## EXERCISE REQUIREMENTS
Exclude the pictures, then quote exactly the lines from the one holding "Ink Brush Shanghai" through the last line of the records.

## ENTRIES SHOWN
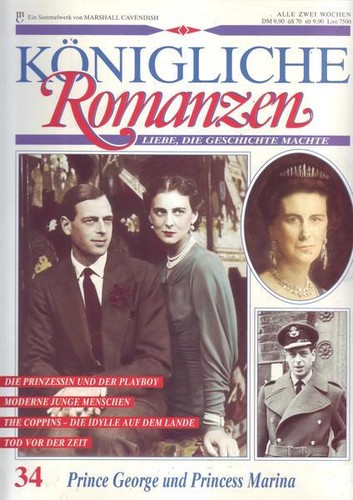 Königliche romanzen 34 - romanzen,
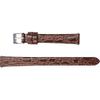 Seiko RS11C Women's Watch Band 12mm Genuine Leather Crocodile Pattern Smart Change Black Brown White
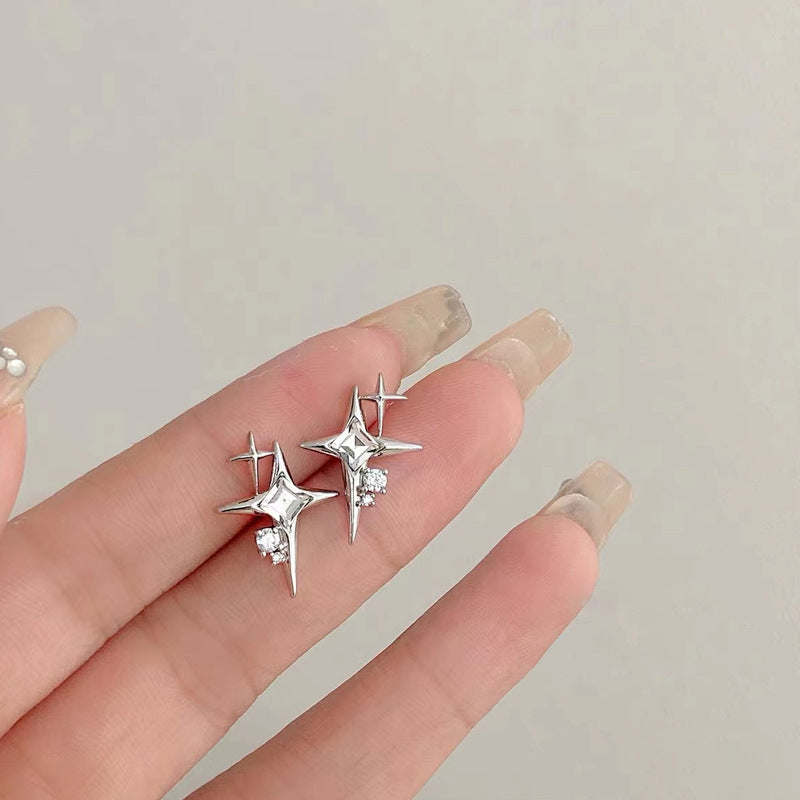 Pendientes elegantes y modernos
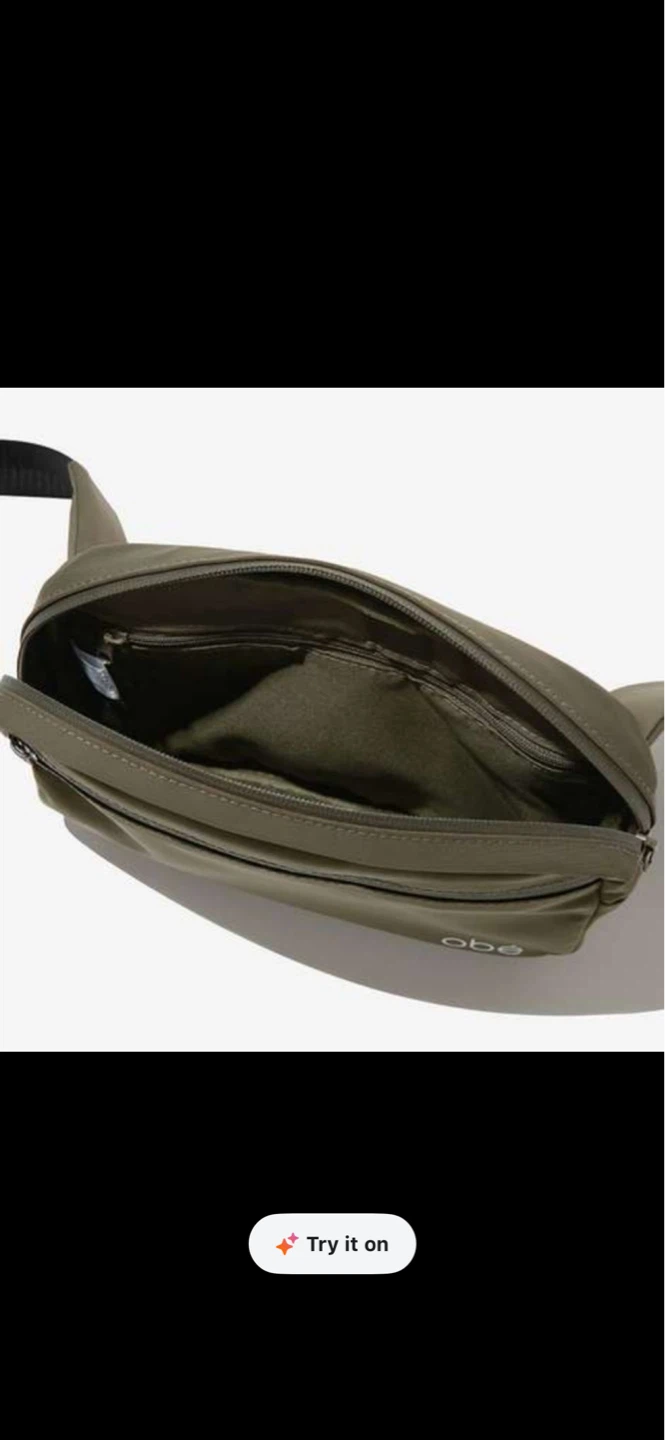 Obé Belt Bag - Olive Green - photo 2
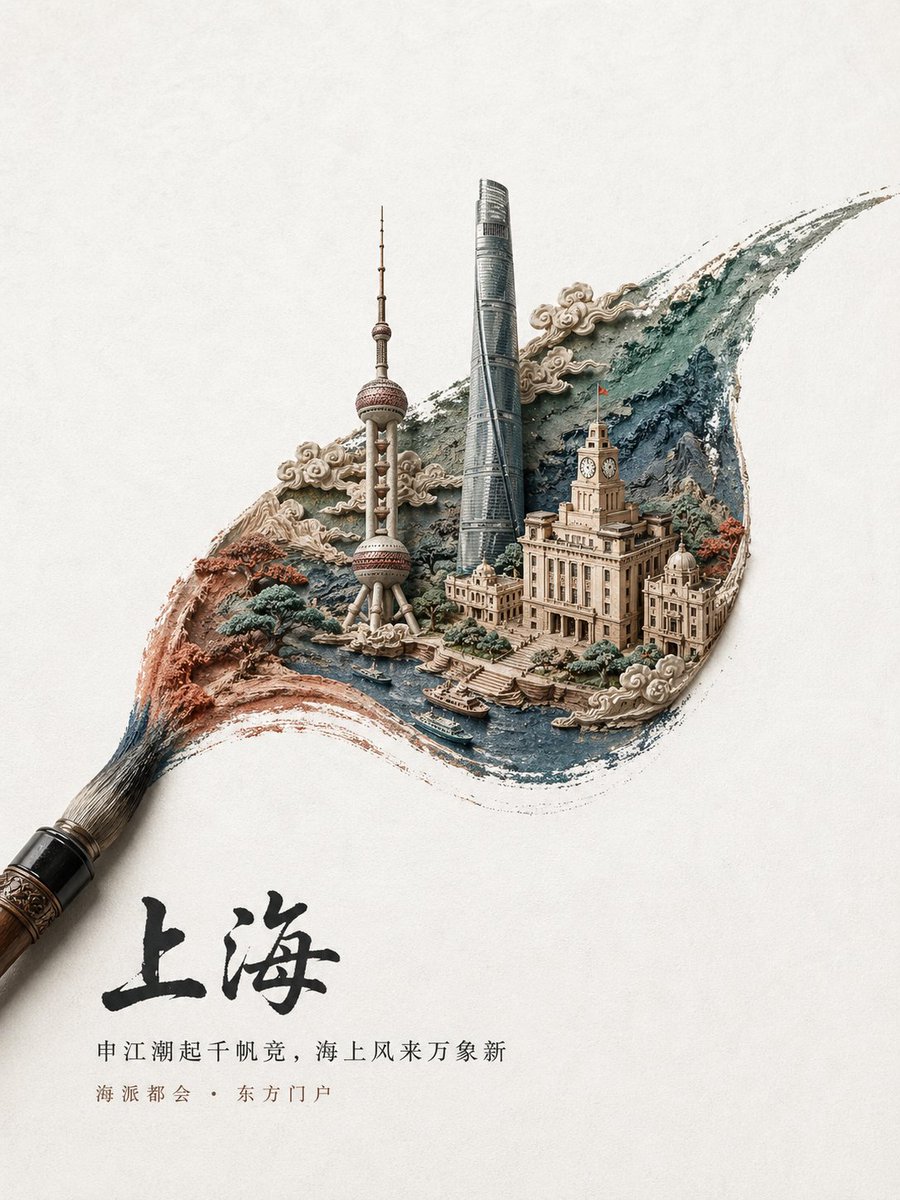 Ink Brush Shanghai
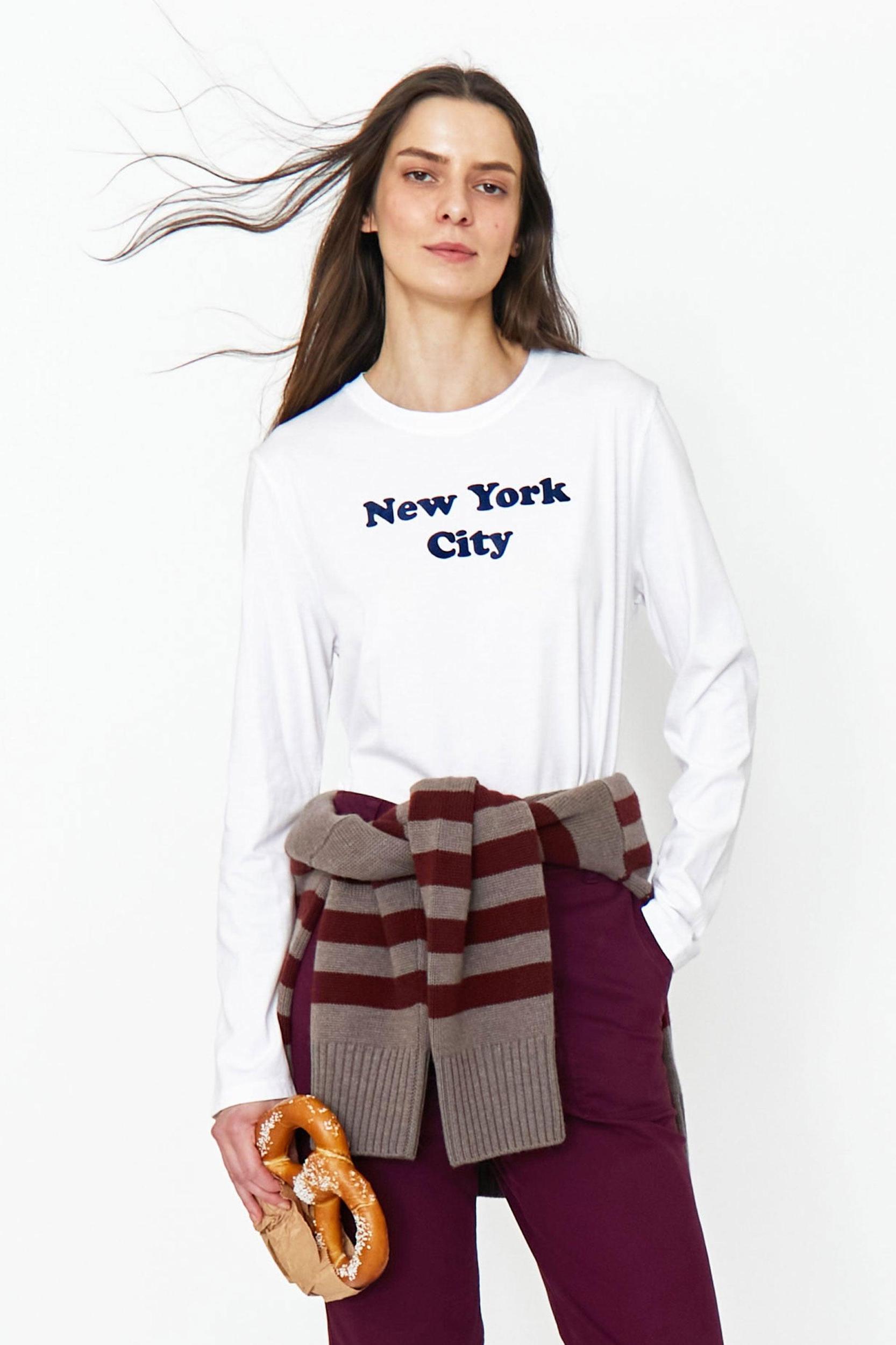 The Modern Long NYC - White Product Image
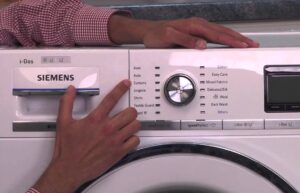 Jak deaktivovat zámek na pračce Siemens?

## RESPONSE
 Ink Brush Shanghai
 The Modern Long NYC - White Product Image
 Jak deaktivovat zámek na pračce Siemens?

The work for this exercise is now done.